Millar was a pioneer in writing about the psychology of women. She wrote about class distinctions, sexual freedom and frustration, and the ambivalence of moral codes depending on a character's economic circumstances. Read against the backdrop of Production Code-era movies of the time, her novels show the reader a different morality than what was portrayed in Hollywood during the 40's and 50's.

It has been argued that Millar "essentially created a new hybrid form of literature: detective literature" in contrast to formulaic genre stories.

Many websites cite her as working as a screenwriter for Warner Brothers just after World War II, but no further details are given as to what she may have worked on, even on imdb.com. Around that time, Warners bought the option on her novel The Iron Gates, with its portrait of a woman descending into madness, but reportedly Bette Davis and other prominent Warner Brothers actresses ultimately turned it down because the memorable protagonist is missing for the last third of the story. The film was never produced. In the early '60s, two of her novels were adapted for the anthology TV series Alfred Hitchcock Presents and Thriller: Beast in View and Rose's Last Summer, which starred Mary Astor.

While she was not known for any one recurring detective (unlike her husband, whose constant gumshoe was Lew Archer), she occasionally used a detective character for more than one novel. Among her occasional ongoing sleuths were Canadians Dr. Paul Prye (her first invention, in the earliest books) and Inspector Sands (a quiet, unassuming Canadian police inspector who might be the most endearing of her recurring inventions). In the California years, a few books featured either Joe Quinn, a rather down-on-his-luck private eye, or Tom Aragon, a young, Hispanic lawyer.
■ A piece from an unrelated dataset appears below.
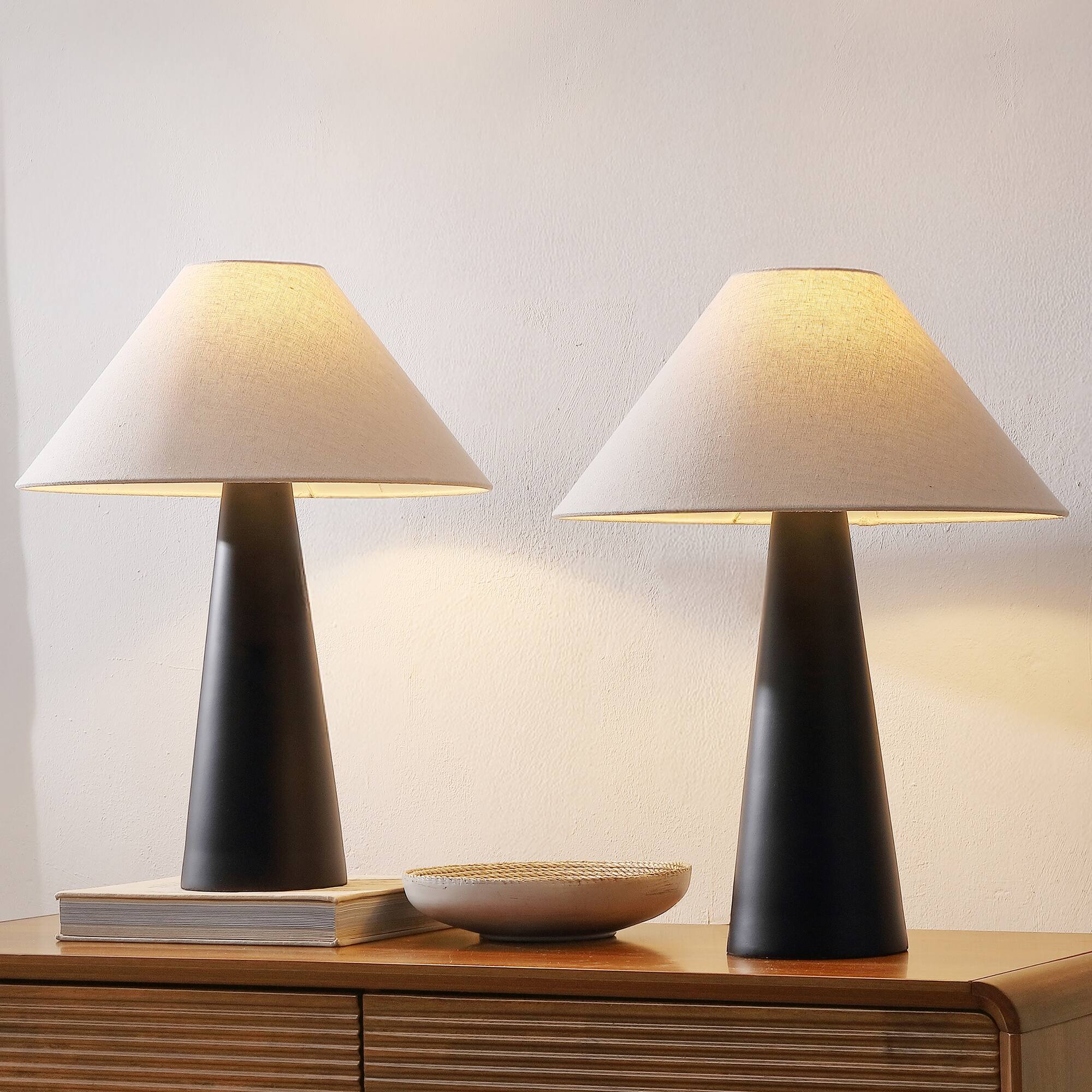Alt View 1. Jonathan Y - Harrison 22.5 in. Modern Contemporary Sculptural Tapered Cone Resin LED Table Lamp, Matte Black (Set of 2) - Matte Black.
Most of Millar's books are still in print in America. Starting in 2016, Soho Syndicate has published a large selection of omnibus re-issues grouped by theme. Many are available as single ebooks.

==Awards and recognition==

In 1956, Millar won the Edgar Allan Poe Awards Best Novel award for Beast in View. Two later novels were also nominated for Best Novel. In 1965 she was awarded the Woman of the Year Award by the Los Angeles Times.
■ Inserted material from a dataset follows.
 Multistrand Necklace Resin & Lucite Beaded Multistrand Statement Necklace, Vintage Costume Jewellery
In 1983, she was awarded the Grand Master Award by the Mystery Writers of America in recognition of her lifetime achievements.
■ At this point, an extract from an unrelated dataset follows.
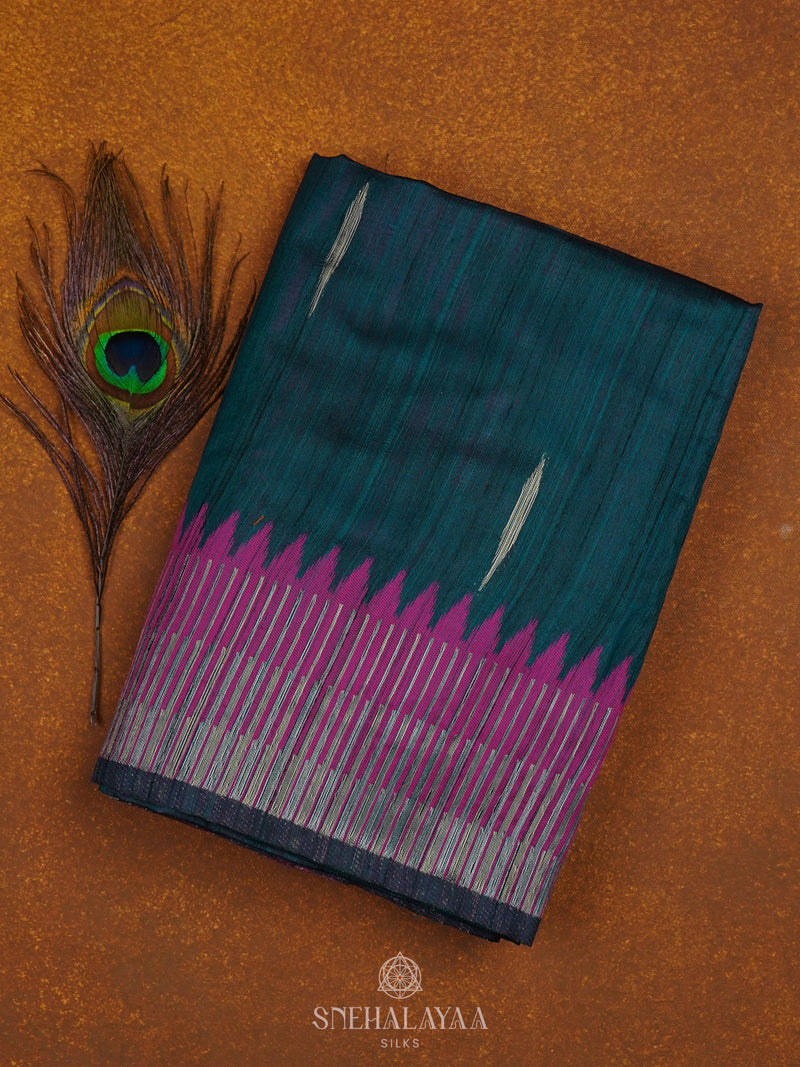 Teal Green Munga Tussar Saree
In 1987, critic and mystery writer H.R.F Keating included Millar's Beast In View in his Crime & Mystery: The 100 Best Books. He wrote: "Margaret Millar is surely one of late twentieth-century crime fiction's best writers, in the sense that the actual writing in her books, the prose, is of superb quality. On almost every page of this one there is some description, whether of a physical thing or a mental state, that sends a sharp ray of extra meaning into the reader's mind."

==Published works==

==="Paul Prye" mystery novels===
- The Invisible Worm (1941)
- The Weak-Eyed Bat (1942)
- The Devil Loves Me (1942)

==="Inspector Sands" mystery novels===
- Wall of Eyes (1943)
- The Iron Gates [Taste of Fears] (1945)

==="Tom Aragon" mystery novels===
- Ask for Me Tomorrow (1976)
- The Murder of Miranda (1979)
- Mermaid (1982)

===Other mystery novels===
- Fire Will Freeze (1944)
- Do Evil in Return (1950)
- Rose's Last Summer (1952)
- Vanish in an Instant (1952)
- Beast in View (1955) (Edgar Award for Best Novel, 1956)
- An Air That Kills [The Soft Talkers] (1957)
- The Listening Walls (1959)
- A Stranger in My Grave (1960)
- How Like an Angel (1962)
- The Fiend (1964)
- Beyond This Point Are Monsters (1970)
- Banshee (1983)
- Spider Webs (1986)
- The Couple Next Door: Collected Short Mysteries. Ed. Tom Nolan (Crippen & Landru, 2004)

===Other novels===
- Experiment in Springtime (1947)
- It's All in the Family (1948)
- The Cannibal Heart (1949)
- Wives and Lovers (1954)

===Nonfiction===
- The Birds and the Beasts Were There: The Joys of Birdwatching and Wildlife Observation in California's Richest Habitat (1968) (memoir)

==Birding==
As evidenced by her birdwatching memoir, birding was an important part of the lives of Margaret Millar and her husband. The couple were founding members of the Santa Barbara Audubon Society. She was a member of the inaugural SBAS Board and Conservation Chair. Millar was an early participant in the American Birding Association's Rare Bird Alert, founded in Santa Barbara in 1963. She also served in the National Audubon Society.